What can be delivered in five days when event marketing is done properly

Most event marketing failures aren’t due to a lack of effort. They struggle because the work is fragmented, the messaging sits in one place, the content in another, and the campaign never quite comes together to build real momentum.

Recently, we worked on a five-day project to drive alignment.

The brief was straightforward. Review what was already in place, then build the clarity, structure, and content needed to carry the event through to delivery.

Over five days, that resulted in:

  • Rewritten website pages and sales materials with a clearer commercial focus

  • A new partner page to support sponsorship sales

  • Full email sequences across partners, exhibitors, and delegates

  • LinkedIn content supported by branded visuals and video

  • A consistent visual direction across all assets

  • An infographic to simplify key messages

  • Four blogs, each supported by social posts, carousels, and supporting assets

  • A full comms plan designed to build awareness and drive registrations

  • Direction for paid social and PR to extend reach beyond owned channels

Joined-up event marketing campaign showing website, events and social media working together

Event marketing works best when working together

This is typically the kind of work spread across multiple roles. Content, design, and campaign planning are often handled separately, which creates delays and disconnects between strategy and execution. Bringing it together in one place changes that.

The work is not only delivered faster but also ready to use. Messaging is consistent, content is aligned, and the campaign has structure. That has a direct impact on outcomes.

Budgets are focused on the work itself, not the layers around it. Momentum is maintained rather than lost between teams. And the event has a clear path from launch through to filling the room.

That is the difference between producing content and building a campaign that works.

If you need support with your event or building your brand’s online profile, then please do contact us.
© eventmomentum.uk


Event marketing: Key questions answered

What does a strong event marketing foundation look like?
A strong event marketing foundation combines clear positioning, consistent messaging, and a structured plan across channels. It ensures that website, email, social content, and visual assets are aligned and working together to build momentum over time.

Why is fragmented event marketing a problem?
When event marketing is handled in separate pieces, messaging becomes inconsistent, and campaigns lose momentum. Delays between content, design, and planning can slow down delivery and reduce the overall impact on attendance.

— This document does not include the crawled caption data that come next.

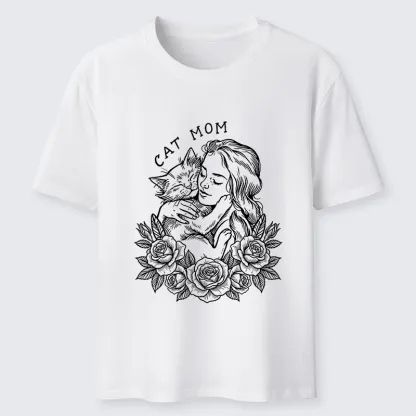 Tokyo-Tiger Cat Mom Cuddling Her Kitten Classic T-Shirt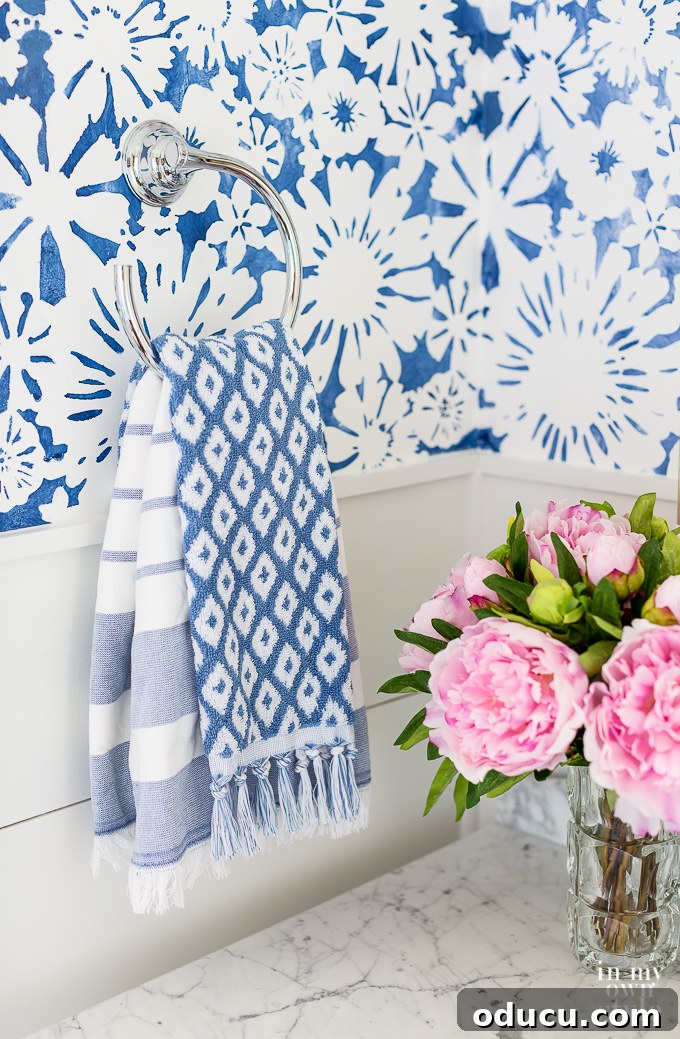 How to display towels in a bathroom How to hang bath towels in a pretty way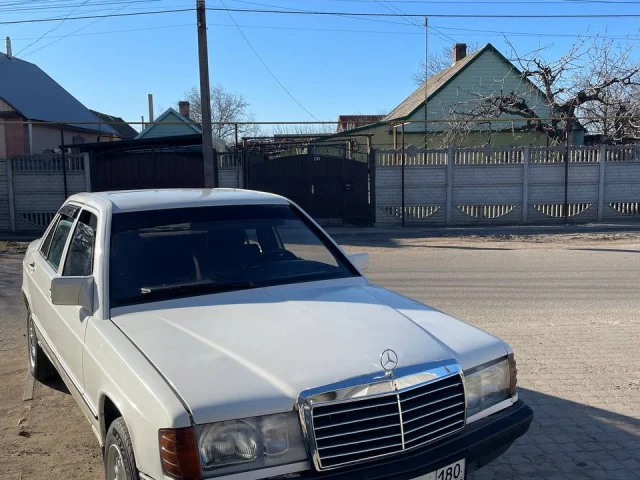Фото: Продам Mersedes E190 Срочно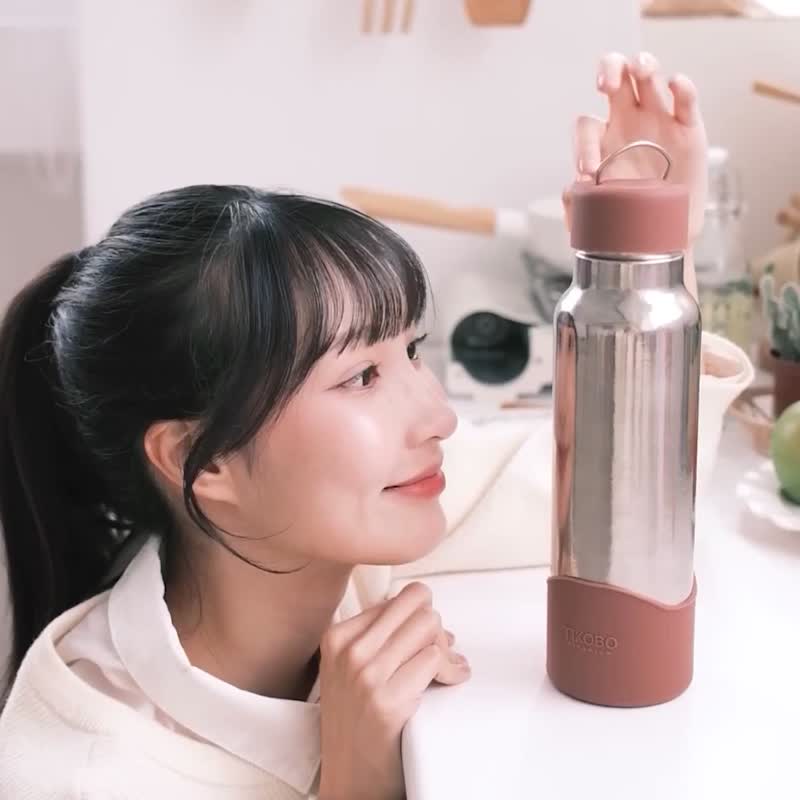 【贈配件】經典袋鼠瓶2代 520ml 贈茶隔&粗吸管&吸管套&吸管瓶刷 - 保溫瓶/保溫杯 - 其他金屬 多色
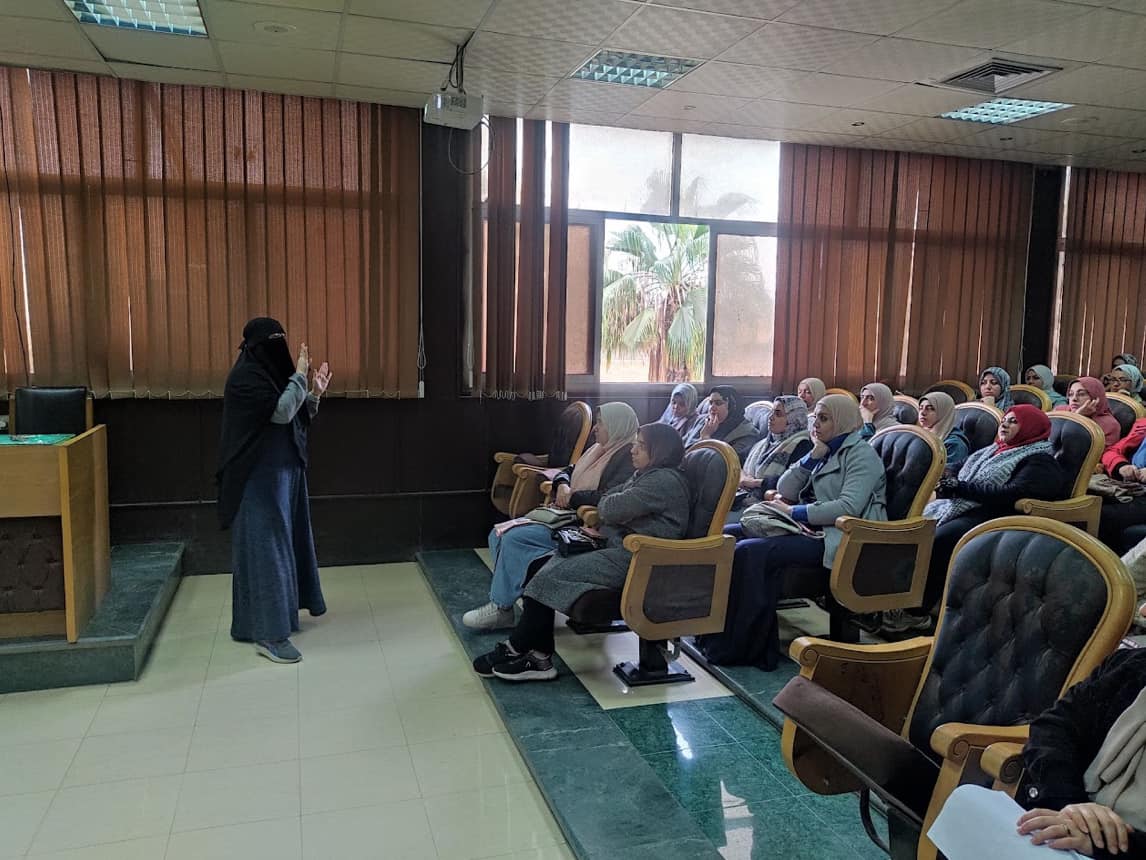 دورة تدريبية "دور الارشاد الاكاديمي في مسيرة طلاب فارم دي ومساهمة  الهيئة المعاونة في توعية وتوجيه الطلاب" أ.م.د/ رانية عادل 10 فبراير 2025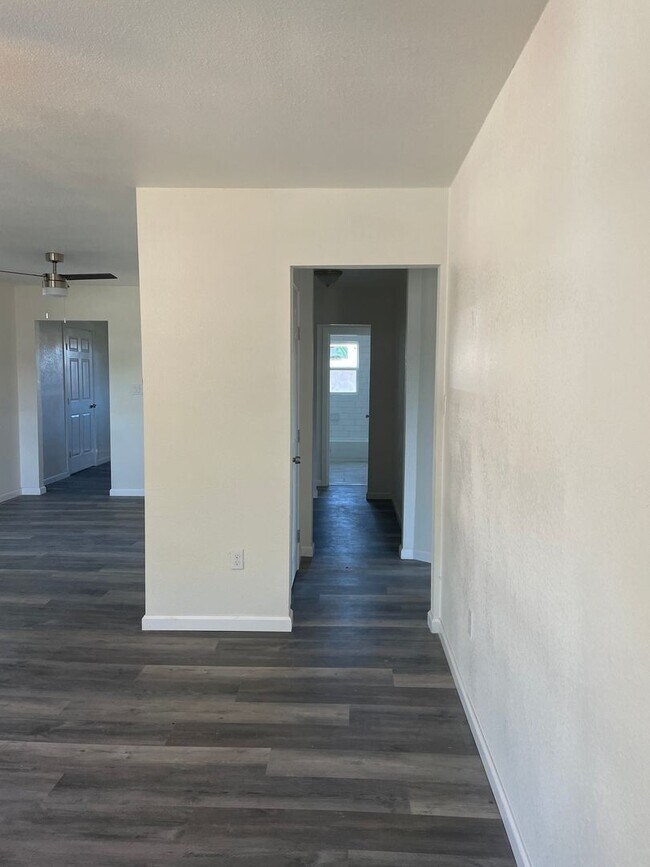 Building Photo - 3 br, 1 bath House - 311 S Kansas Avenue (...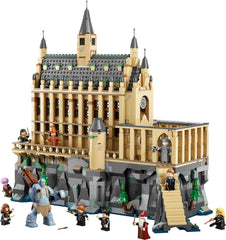 LEGO Harry Potter Hogwarts Castle: The Great Hall, samlerlegetøj med 11 minifigurer inklusive Hermione Granger, magisk gave til drenge og piger 76435 Byggesæt Besuche den LEGO-Store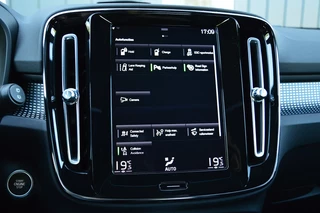 Volvo XC40 Rijklaarprijs-Garantie Leder Interieur Panorama dak Led Camera - afbeelding nr 23
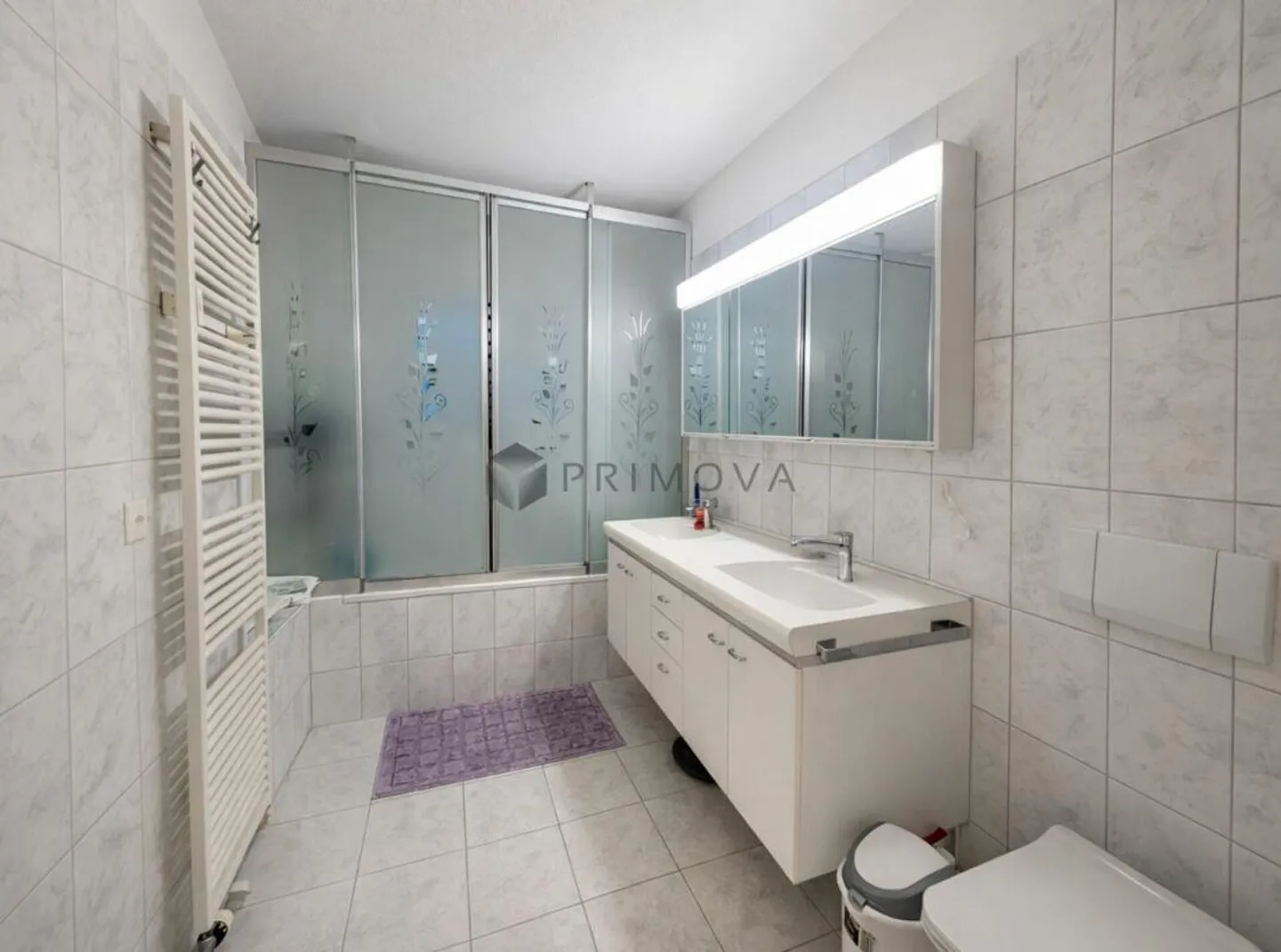 Una casa che unisce generosità, luce e comfort - Foto 9 di 10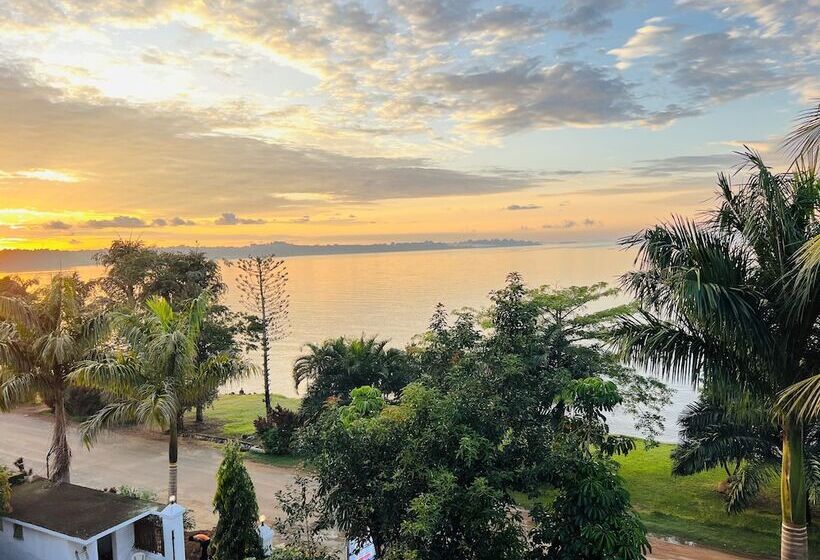 هتل Victoria Rock Resort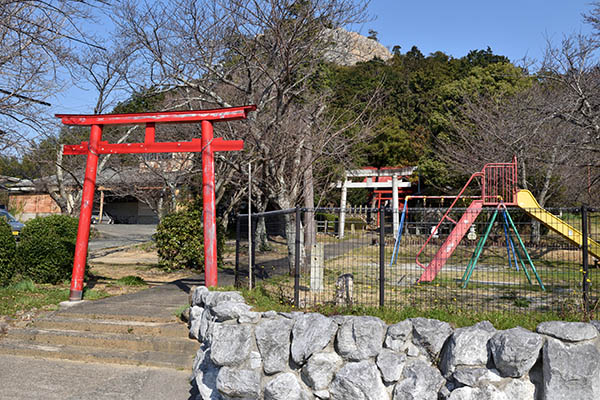 立岩神社と立岩公園その向こうに立岩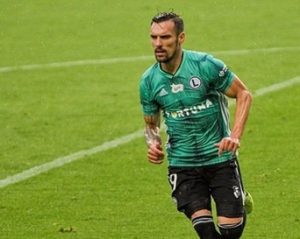 VEŠOVIĆ IDE IZ LEGIJE: Zbog supruge ostao bez ugovora!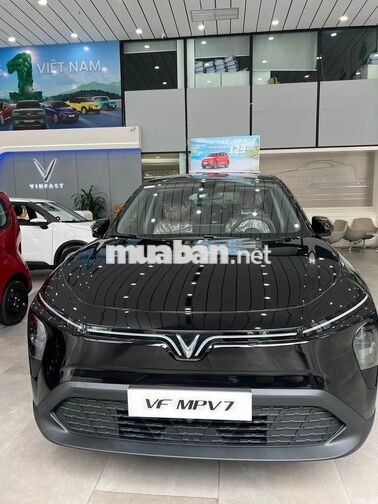 VinFast MPV 7 2026 Giảm giá cực sốc, xe giao ngay
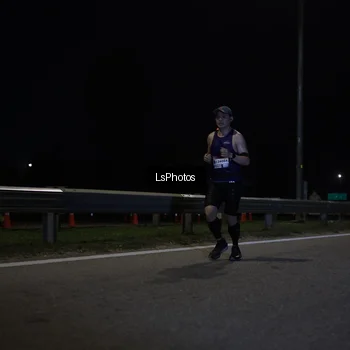 Runner Photo 7336946
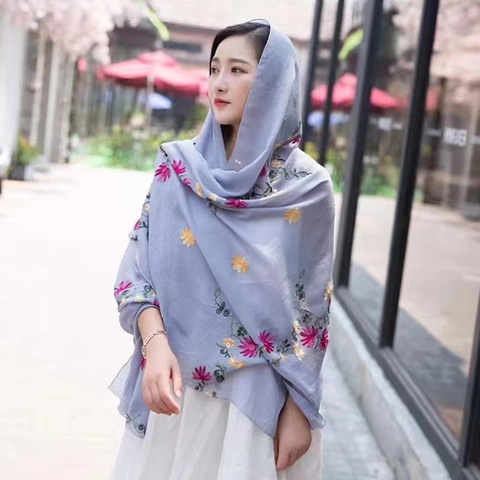 Ethnic Embroidered Floral Cotton Scarf Shawl For Women Vintage Daisy Pattern Sunscreen Beach Wrap Winter Scarf Accessory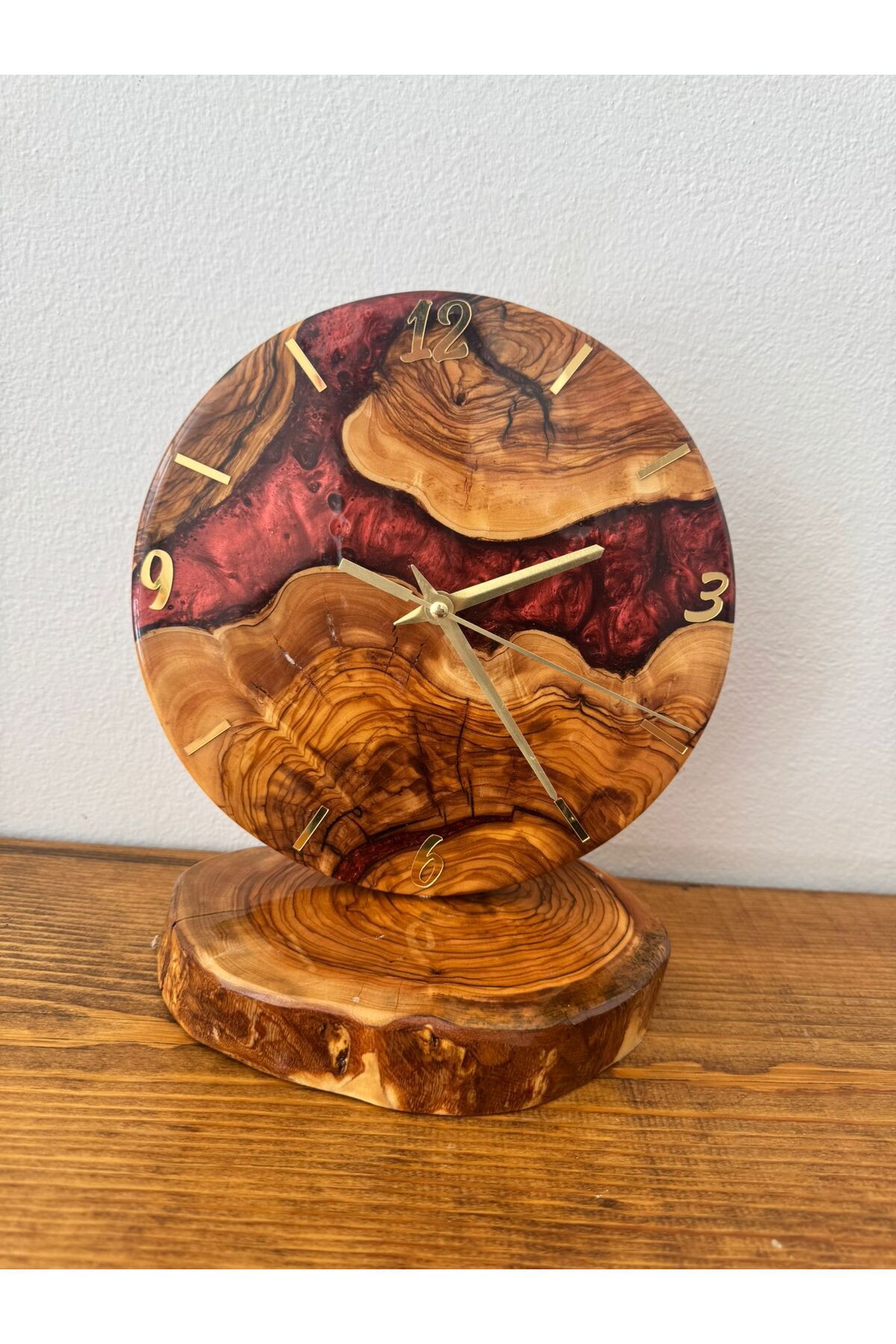 Aksoy Wood Epoksi Zeytin Ağacı Masa Üstü Saat (Çap) 22x22x2 cm.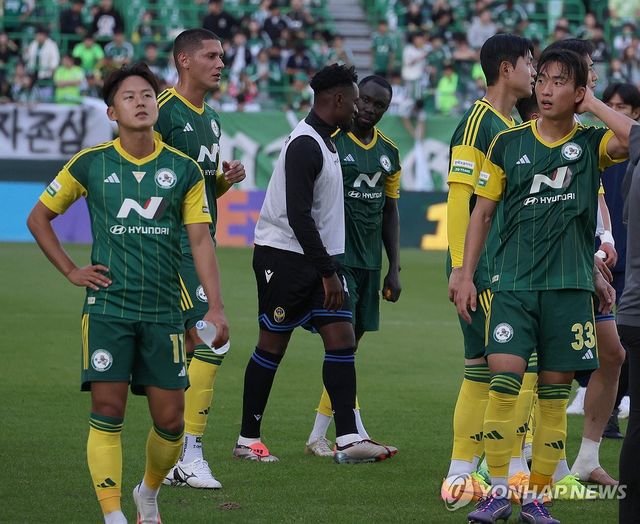 전북 현대 이승우가 최근 자신을 둘러싼 체지방 논란에 대해 입을 열었다.&nbsp;연합뉴스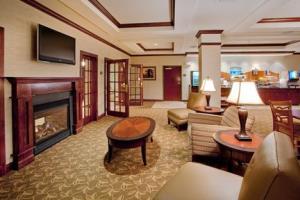 Holiday Inn Express Hotel & Su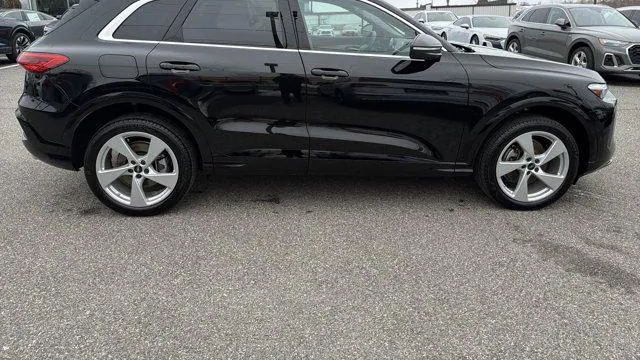 2025 Audi Q5 quattro Premium Plus TFSI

How can events build momentum quickly?
Momentum comes from having a clear plan and a bank of ready-to-use content. When messaging, assets, and channels are aligned from the start, campaigns can move faster, stay consistent, and respond more effectively to new updates or announcements.

What is the benefit of a single, joined-up approach to event marketing?
A joined-up approach removes delays between teams, keeps messaging consistent, and allows campaigns to be executed more efficiently. It also ensures that the budget is focused on delivery and outcomes, rather than being lost to process or handovers.

About the founder

Event Momentum is led by Kevin McFarlane, an experienced digital and event marketing strategist with a background spanning magazine publishing, corporate digital strategy, paid social and live event promotion. Kevin has worked across corporate conferences, brand activations and cultural events, helping organisations build momentum by turning audience interest into real attendance through clearer storytelling and strategic promotion.